La violence dans l'Art 2/2
Autant le dire d'emblée : la couverture de l'essai de Suzanne Ferrières-Pestureau peut sidérer. Il s'agit d'un détail du tableau "Judith et Holopherne (v. 1598) du Caravage, où l'on voit une main tenir fermement la tête d'un homme et l'autre lui transpercer la gorge. Ce tableau stupéfiant résume à lui seul le sujet au cœur du remarquable l'essai "La violence à l'œuvre" (éd. Cerf) de Suzanne Ferrières-Pestureau.
"La violence n'est pas représentable, il faut qu'elle se manifeste sur un corps"
Violence et culture
Au sein du Groupe de recherches Pandora de l'université Paris-Diderot (Paris-VII), Suzanne Ferrières-Pestureau travaille sur la question de la création et de la psychanalyse. Et sur la façon dont la violence s'exprime dans l'art, différente selon les périodes. Avec cette idée majeure : depuis la naissance de l'art, la violence habite son histoire tout comme la violence habite l'histoire. "On peut même remonter à l'archéologie, Georges Bataille en a parlé du reste de cette violence, de cette rébellion de l'homme, par rapport à cette civilisation qui commençait et de ce désir de retourner à quelque chose de violent, de plus naturel."
peur de la mort et peur du sexuel
"Depuis que l'homme est homme, il crée et il crée je pense pour justement faire avec cette violence qui est liée d'une part à la mort, à la peur de la mort, et au sexuel." La mort et le sexuel qui sont "deux pôles de réflexion et de crainte pour l'homme", dit la psychanalyste.
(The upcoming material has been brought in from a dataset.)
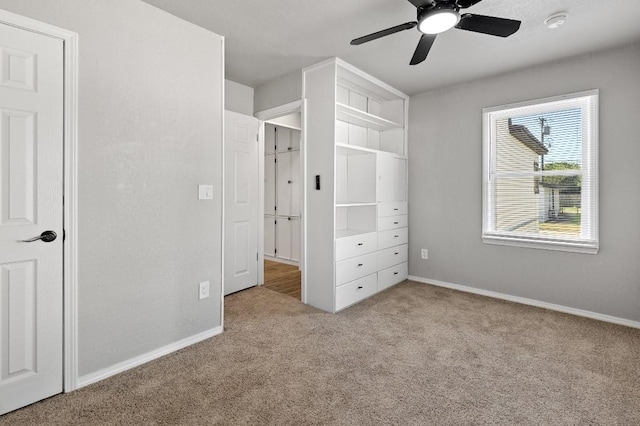 unfurnished bedroom featuring ceiling fan and light colored carpet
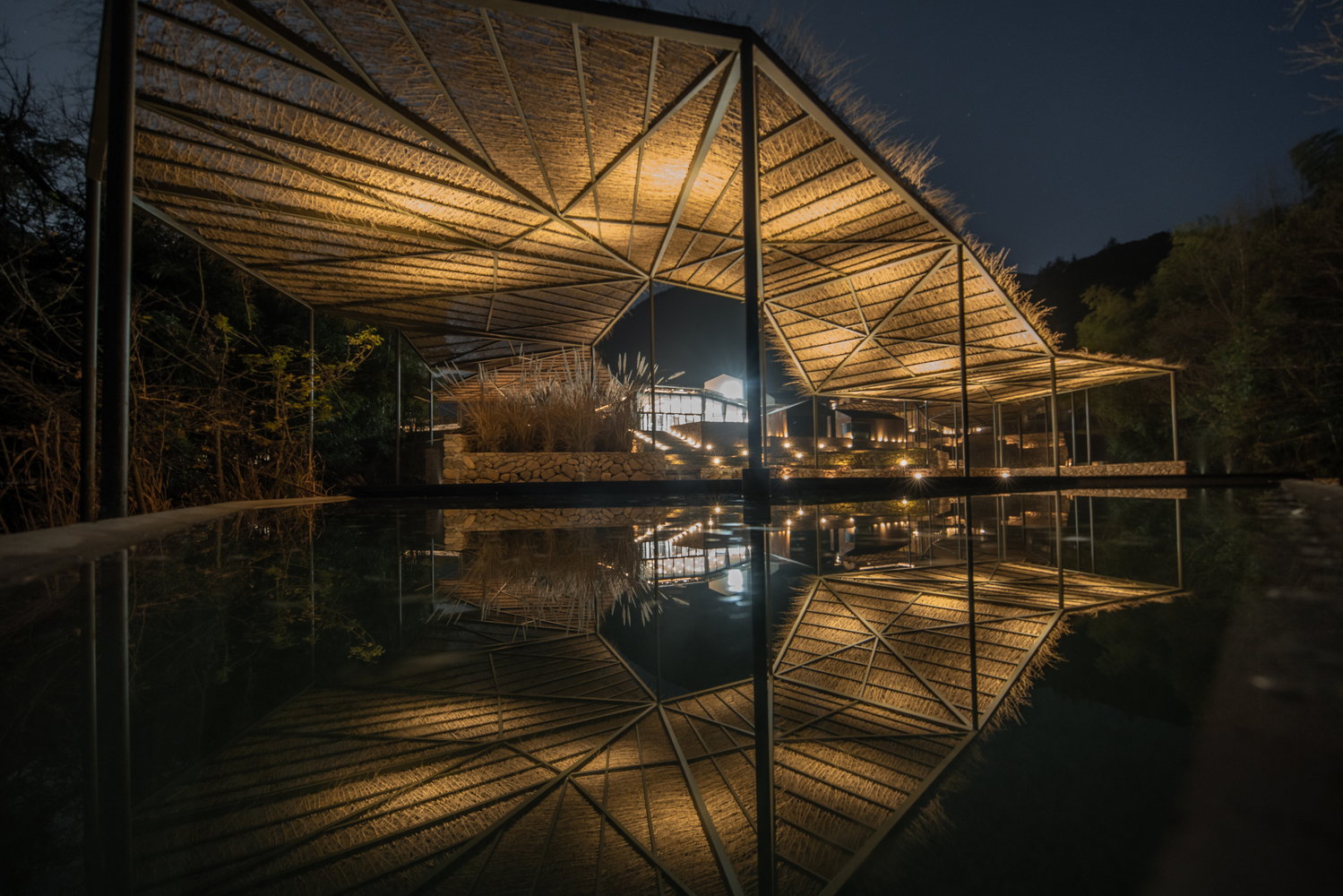 View of the Sou Fujimoto-designed Flowing Cloud pavilion at night.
Freud parle de pulsion de vie et de pulsion de mort. "L'homme se servirait de l'art et de la création pour lier cette pulsion de mort aux pulsions de vie et échapper de cette façon-là à cette terreur du sexuel et de la mort."
Le corps en jeu
Qu'il soit malmené, trituré, crucifié, suplicié, le corps est quasi systématiquement engagé dans le processus créatif. "Car la violence n'est pas représentable, il faut qu'elle se manifeste sur un corps, explique Suzanne Ferrières-Pestureau, pour représenter l'acte violent il faut qu'un corps soit atteint pour faire image."
Dans la culture occidentale, l'image du Christ en croix "s'impose comme représentation de la violence faite au corps par l'homme". Il est étroitement lié à la culture chrétienne, insiste la psychanalyste. "Je crois que l'image du Christ en croix est la représentation originaire de la violence faite à l'homme par l'homme." Et même quand la représentation du corps cesse d'être une référence au corps christique, dans l'art contemporain, un grand nombre d'installations qui représentent la violence reprennent "le rituel chrétien du sacrifice".